The Globe and Mail describes Solis-Reyes as "a second-year student at the University of Western Ontario. In 2012, he graduated from a London high school, Mother Teresa Catholic Secondary." It adds:
"He was part of a team from his secondary school that came first in a programming competition at the London District Catholic School Board. He is also the creator of a BlackBerry phone app that solves Sudoku puzzles, which was released while he was still in high school."
In a statement, the Royal Canadian Mounted Police said it treated the security breach "as a high priority case and mobilized the necessary resources to resolve the matter as quickly as possible."

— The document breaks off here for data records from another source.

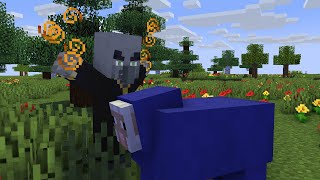 Minecraft Evoker wololo  minecraft animation [upl. by Sila709]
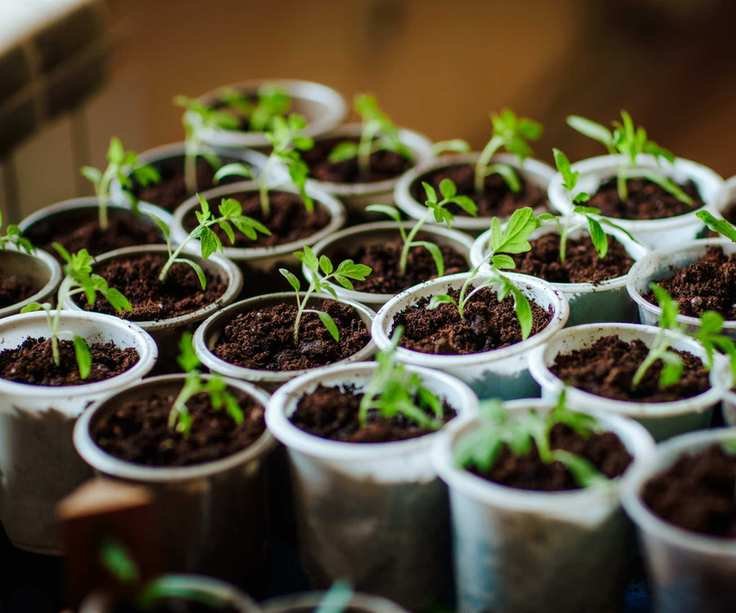 Seedlings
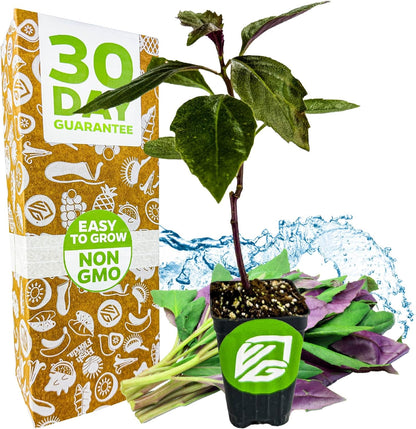 Okinawa Spinach - Gynura crepioides - Wellspring Garden Starter Plant - Easy to Grow Edible Plant - Vegetable Live Plant for Indoor & Outdoor Growing & Planting - Ideal for Home, Backyard & Gardening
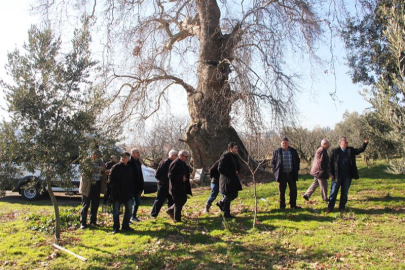 Yalova Tarım müdürlüğü, zeytincileri uyardı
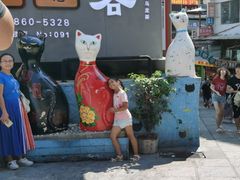 -猫街饭团(顶澳仔猫街店)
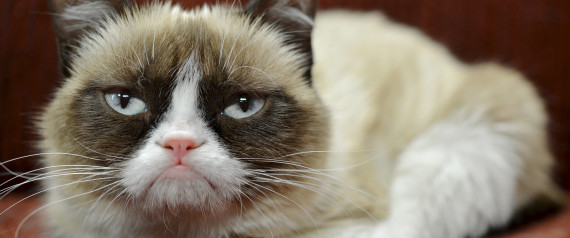 «Сердитая кошка» заработала уже миллионы долларов (до $100 млн) - 1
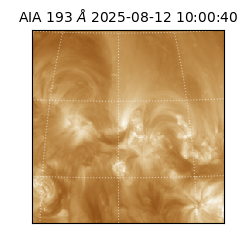 saia - 2025-08-12T10:00:40.843000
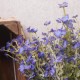 Artificial Wild Flower Plants Blue 62cm - W001 T1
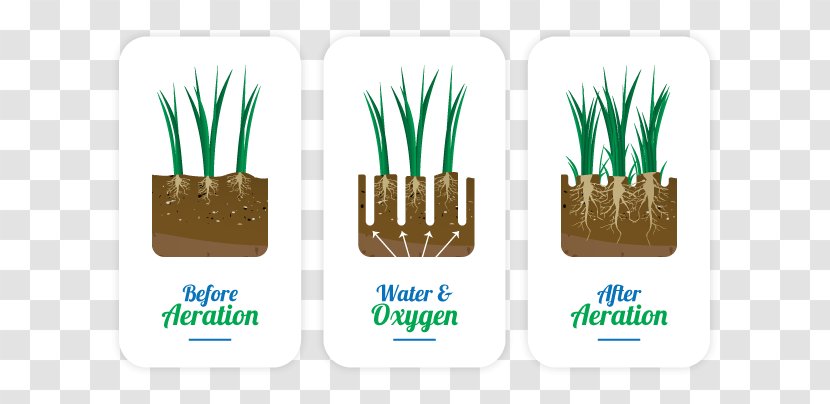 Brand Logo Grasses - Spring Grass Transparent PNG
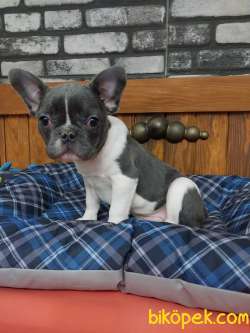 Kalite Ve Guvenin Adresinden French Bulldog Yavruları 5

"Investigators from National Division, along with our counterparts in 'O' Division, have been working tirelessly over the last four days analyzing data, following leads, conducting interviews, obtaining and executing legal authorizations and liaising with our partners," RCMP Assistant Commissioner Gilles Michaud said.
The Washington Post says:
"The Heartbleed bug put many consumers' user names and passwords at risk. Undetected for two years, the bug quietly undermined the basic security of the Internet by leaving a gap in OpenSSL, an encryption technology used widely by businesses to protect sensitive data. By some estimates, the bug affected as much as two-thirds of the Internet; the flaw prompted thousands of Web users to change their passwords on Google, Yahoo, Facebook and other major services."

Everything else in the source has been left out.